すると、Image Texture、Mapping、Texture Coordinateの各ノードが追加されます。
Image Textureに、ダウンロードしておいたHDRIを設定します。
【メモ】
[Ctrl]+[T]キーは、「Node Wrangler」というアドオンの機能です。効かないときは、Preferencesダイアログの[Add-ons]の設定から、「Node Wrangler」にチェックを付けて有効にしてください。
[4]光の当たり方を調整する
[Texture Coordinate]のRotation Z の値を調整してHDRIを回転させることで、光の当たり方を調整します。
[5]ライトの強さを調整する
ライトの強さはStrengthから調整します。
26.2.4 _ GOBOSライトを配置する
次に、GOBOSライトを配置します。
GOBOSライトは光源自体に模様などが組み込まれたもので、舞台演出などでよく使用されます。木漏れ日や雲の形などを再現したテクスチャを組み込むことで、ライトオブジェクトだけでシーン内に情報量を付加できます。
【手順】GOBOSライトを配置する
[1]GOBOSライトを用意する
使用するGOBOSライトを用意します。今回は、Blender Marketにある「Gobos Light Textures」という有償のアセットを使いました。
購入してダウンロードしておきます。
[2]シーン内に配置する
今回使用したGOBOSライトは、Blenderファイルとして格納されています。

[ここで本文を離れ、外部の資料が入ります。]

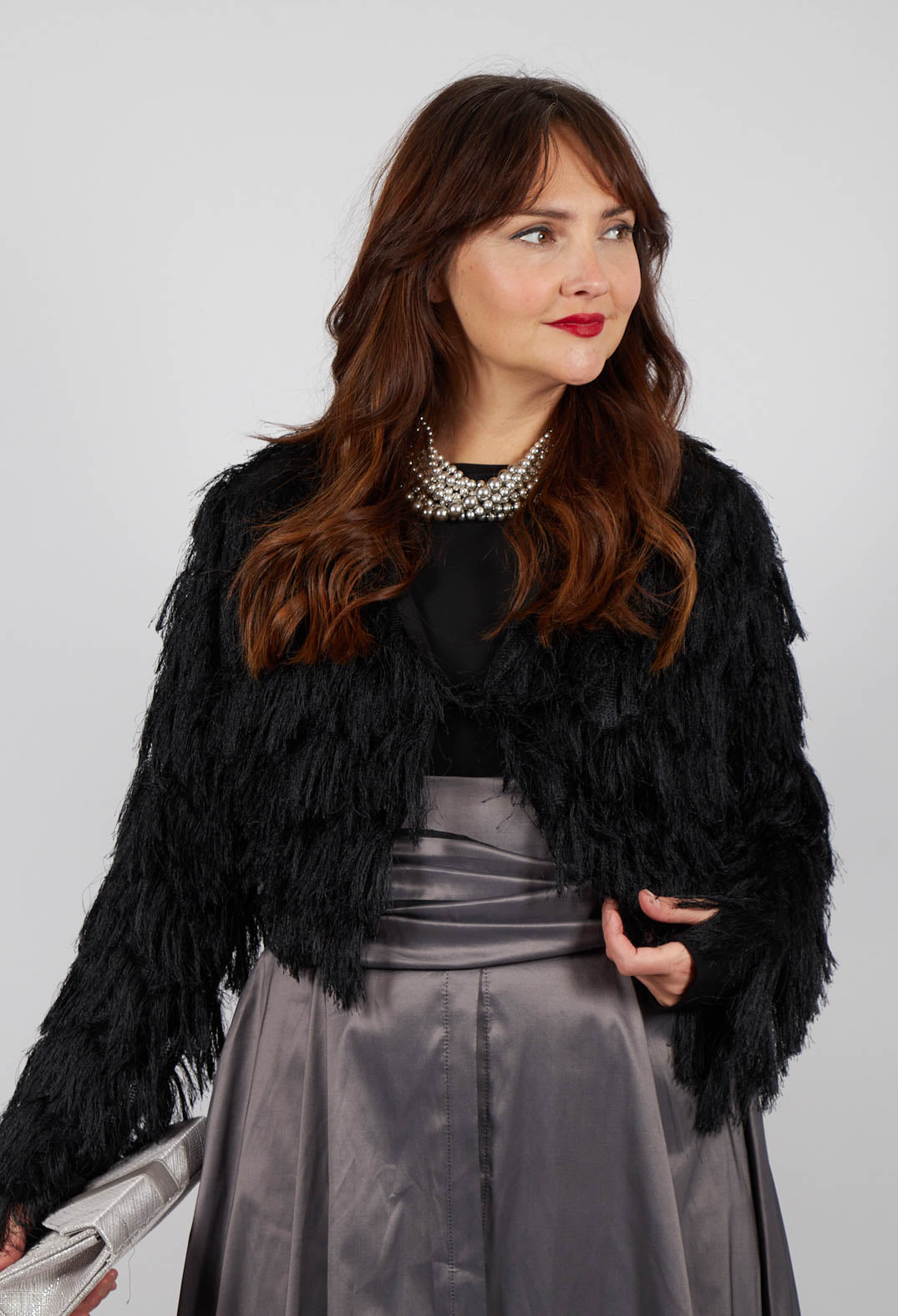 Fringe Cropped Jacket in Nero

ファイルを開くと、たくさんのGOBOSライトがあるので、これをコピー&ペーストして使います。
[3]ライトの向きを決めるエンプティオブジェクトを作る
GOBOSライトの向きを調整します。いくつかの方法がありますが、特定のターゲットの方向に自動に向くやり方が簡易です。
ライトは、特定のターゲットの方向に自動で向けられます。そこで、[Empty]―[Plain Axes]を選択して、向きを指定するためのエンプティオブジェクトを作ります。ここでは「TGT」という名前にしました。
[4]GOBOSライトの向きをTGTに向ける
GOBOSライトに対して、[Add Object Constraint]―[Track To]を選択します。そして、そのTargetとして、手順[3]で作成した「TGT」を選択します。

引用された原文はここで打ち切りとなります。